L’annulation des concours ne semble pas avoir profité aux évènements qui comptaient se maintenir. Ainsi, au moment de clore ses engagements pour son édition 2020, le concours de Charolles constatait une baisse de 150 animaux de moins par rapport à 2019. Les organisateurs pensaient que les éleveurs privés d’évènements allaient se reporter sur Charolles. Cela n’a pas été le cas. Un constat qui amène la société d’agriculture à s’interroger sur les raisons profondes de cette défection. Parmi les pistes évoquées, la concurrence du concours de Cercy-la-Tour dans la Nièvre qui, donnant lieu à une vente aux enchères au succès retentissant, tombe à la même date que le concours de Charolles. Mais cet aléa de calendrier n’est sans doute pas la seule explication. La sécheresse a probablement pesé aussi sur le nombre d’animaux engagés en concours. Le Covid-19 n’y est sans doute pas étranger non plus. Plus préoccupant encore, le président de la société d’agriculture pointe aussi une démotivation qui s’empare des éleveurs vis-à-vis des concours, de la génétique et même de l’élevage en général… 

Préserver l’essentiel du Festival…
Chaque année, le Festival du Bœuf est le lieu de la commercialisation de près de 600 bovins de boucherie haut de gamme.

Préserver l’essentiel du Festival…

À un mois du Festival du Bœuf, la société d’agriculture et d’élevage du Charollais est en plein questionnement sur la tenue de sa manifestation phare.
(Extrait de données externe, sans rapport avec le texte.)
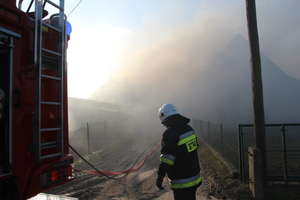 Pożar budynku gospodarczego w Bełczącu. Strażacy wciąż walczą z ogniem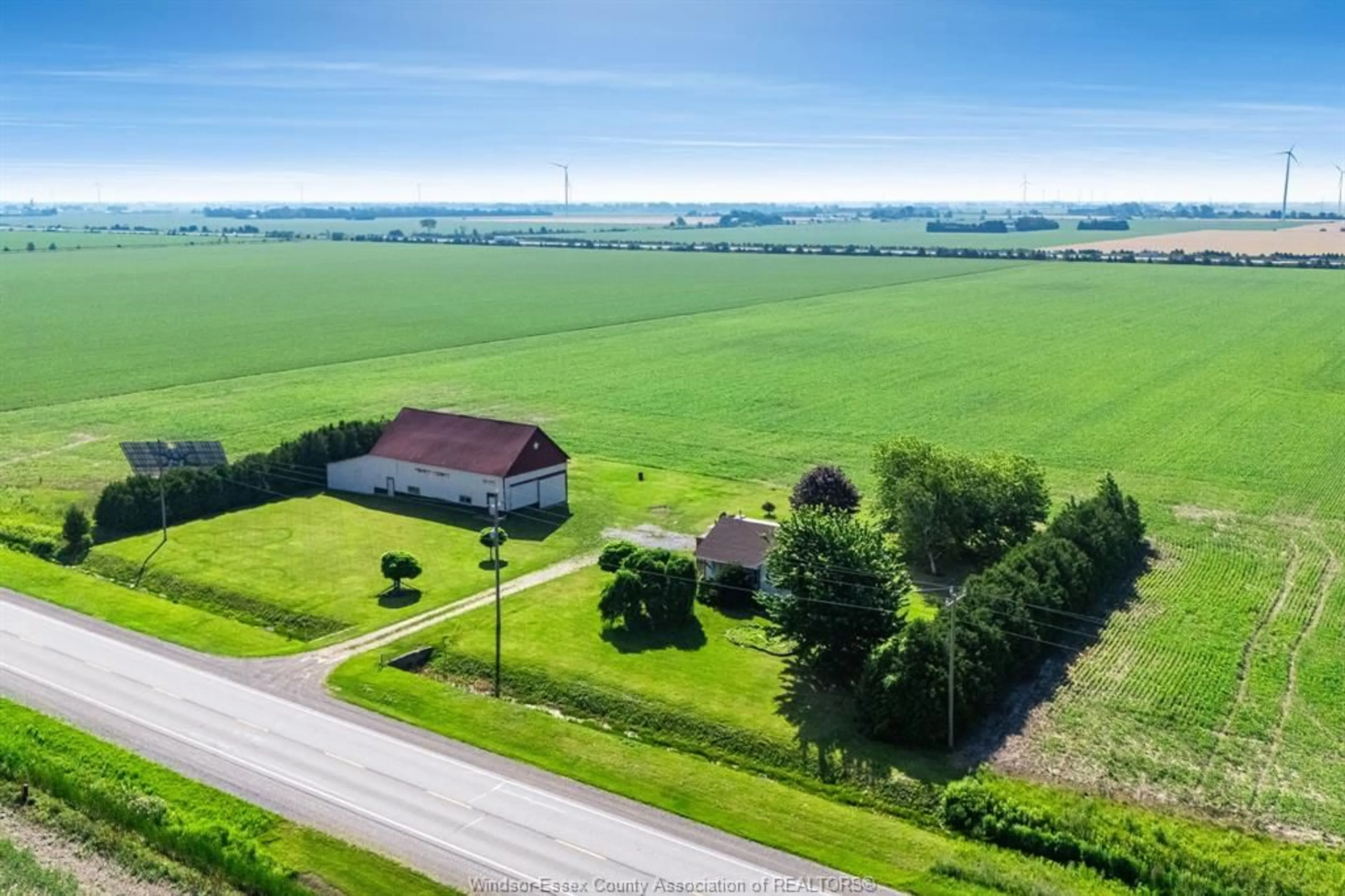 A pic from outside/outdoor area/front of a property/back of a property/a pic from drone, unknown for 5016 Queens Line, Tilbury Ontario N0P 2L0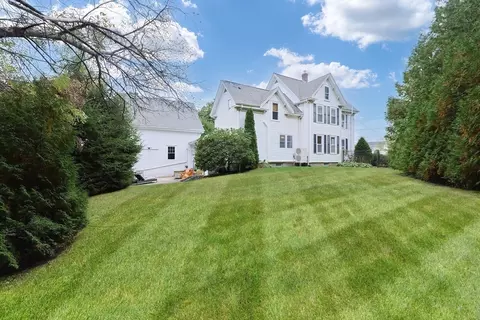 Exterior - 643 E Central St, Franklin, MA 02038 photo 9 of 10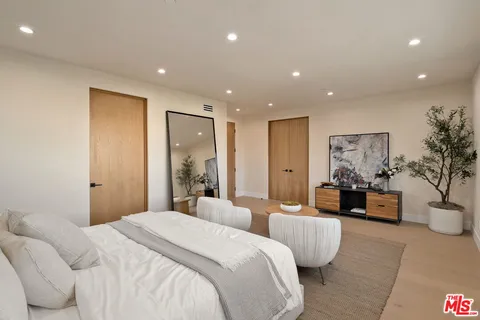 $2,999,500 | 4532 Calhoun Avenue, Sherman Oaks, CA 91423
Sans se bercer d’illusion quant à la suite de la crise du Covid-19, les organisateurs font tout pour préserver l’essentiel, à savoir la commercialisation des bovins de boucherie pour les fêtes de fin d’année. « Tous les abatteurs que j’ai contactés ont envie de fournir des animaux primés à leurs clients bouchers », confie Gilles Degueurce. La demande est donc bien là et l’annulation totale du concours risquerait de casser durablement ce débouché, estiment les opérateurs qui redoutent de perdre la fidélité de leurs clients. Cette demande incite la société d’agriculture à vouloir sauver l’essence même du Festival, ne serait-ce que pour sauver un peu de plus-value pour les éleveurs et engraisseurs. Les inscriptions en ligne ouvrent ce samedi et s’achèveront dimanche prochain. Exceptionnellement cette année, le concours de bovins de boucherie du Festival se tiendrait le vendredi 4 décembre avec entrée des animaux la veille. L’évènement se ferait à huis-clos et serait donc réservé aux éleveurs exposants et aux seuls acheteurs. Prudents, les organisateurs s’attendent malgré tout à devoir renoncer à organiser la manifestation sur le site de Charolles. Une prolongation du confinement au-delà du 1er décembre étant fortement probable. À ce stade, la société d’agriculture explore différentes pistes. Sous couvert d’obtenir les autorisations nécessaires et en fonction du nombre d’animaux engagés, un transfert du Festival sur le foirail de Saint-Christophe-en-Brionnais est envisagé. Dans la mesure où l’évènement s’inscrit dans la fourniture d’un produit alimentaire festif pour Noël, cela pourrait s’argumenter auprès des autorités, estime Gilles Degueurce. Organisée sur un site réservé aux professionnels et moyennant le strict respect des gestes barrières, cette version épurée du Festival du Bœuf permettrait de sauver la valorisation de plusieurs centaines de bêtes de boucherie d’exception. Un enjeu économique évident.